Gibt es also bald gar keinen Unterschied mehr zwischen Premium-Supermärkten und Discountern? "Was das Sortiment angeht, nähern sich beide tatsächlich an: Discounter erweitern ihre Sortimente, Aldi ergänzt um Markenartikel, Supermärkte haben ihre Eigenmarken ausgeweitet und folgen den Preisen von Aldi und Lidl", stellte Dieter Brandes, Ex-Aldi-Manager und heutige Berater von Handelsunternehmen, Anfang 2013 fest.
Günstig auch beim Premium-Supermarkt einkaufen
Mit den günstigen Eigenmarken erhöhen die Supermärkte ihrerseits den Preisdruck auf die Discounter. Eine Studie des Deutschen Instituts für Service-Qualität aus dem vergangenen Jahr ergab, dass der Kunde einen Warenkorb mit 27 Produkten des täglichen Bedarfs immer noch am günstigsten bei Aldi Nord (25,64 Euro) einkaufen kann. Im Vergleich zum teuersten Supermarkt, dem Familia Nordost, konnten hier gut zwei Euro (7 Prozent) gespart werden. Im Vergleich zu Rewe (26,64 Euro) war der Testkauf beispielsweise bei Aldi Süd (25,91 Euro) und Lidl (26,11) aber nur unwesentlich günstiger.

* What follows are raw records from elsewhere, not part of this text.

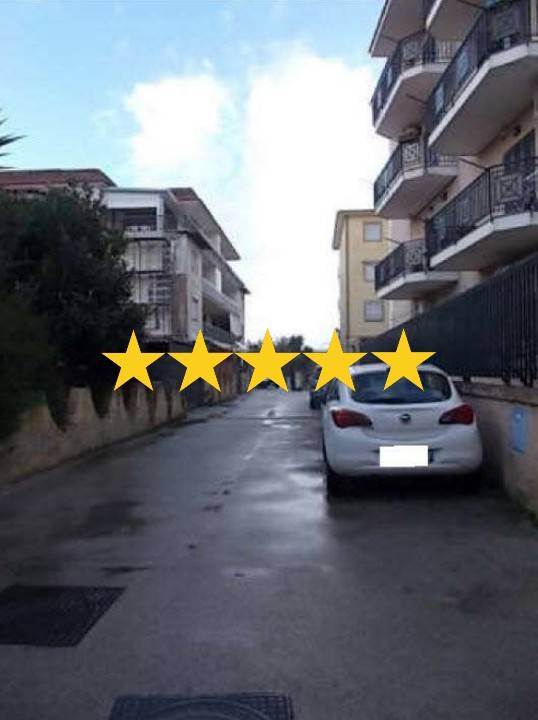 5 bedrooms Apartment in Naples, Italy No. 15009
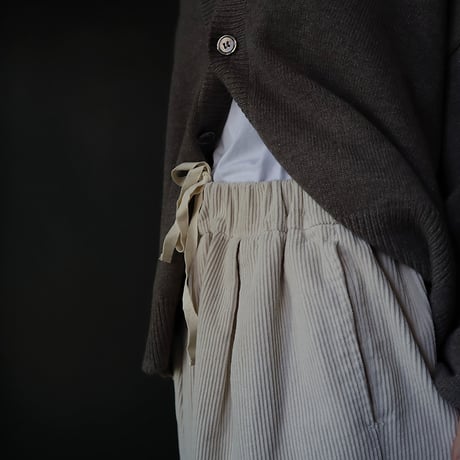 NOUVELLES DU PARADIS corduroy pants (ecru)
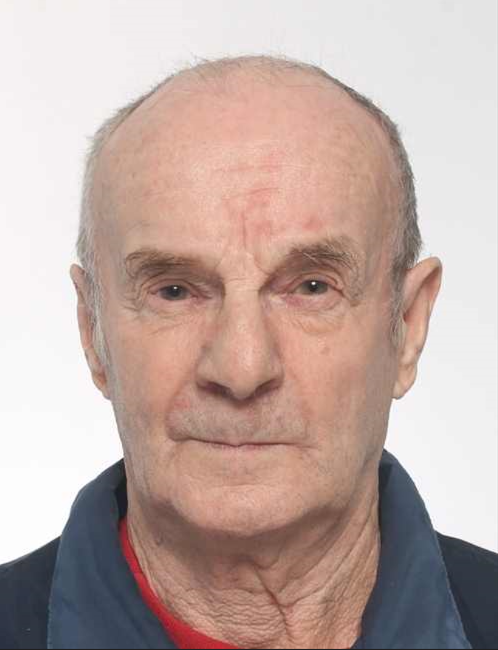 Vanha mies, jolla sininen kauluksellinen paita ja hyvin vähän hiuksia.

Insgesamt zeigt der vergleichsweise geringe Unterschied, dass Premium-Supermärkte beim Preis durchaus mit Discountern mithalten können - dank Handelsmarken wie "ja!" oder "Gut&Günstig", die ebenso günstig wie No-Name-Produkte vom Discounter sind. Das sieht auch Markenexperte Duphorn so: Zwar gingen Verbraucher ganz klar mit der Erwartung zum Discounter, Geld zu sparen. Doch der Schein trügt: "Im Supermarkt gibt es die gleichen Produkte zum gleichen Preis", sagte Duphorn mit Bezug auf die Eigenmarken der Premium-Supermärkte.
Womit die Discounter in Zukunft aber wohl weiter punkten können, sind neue Geschäftsfelder. Schon jetzt tendiere Aldi zu einem neuen Format: Durch den steigenden Non-Food-Anteil – also Artikel, die nicht zum Kernsortiment Lebensmittel gehören – werde der Discounter zunehmend zu einer Art Warenhaus. "Der Umsatzanteil beträgt 20 Prozent, bald vielleicht 30 Prozent", meint Ex-Aldi-Manager Brandes.
Dass Aldi beim Erschließen neuer Geschäftsfelder besonders innovativ ist, zeigt auch der jüngste Coup: Der Discounter ist seit Anfang April im neuen Markt mit innerdeutschen Fernbusfahrten vertreten.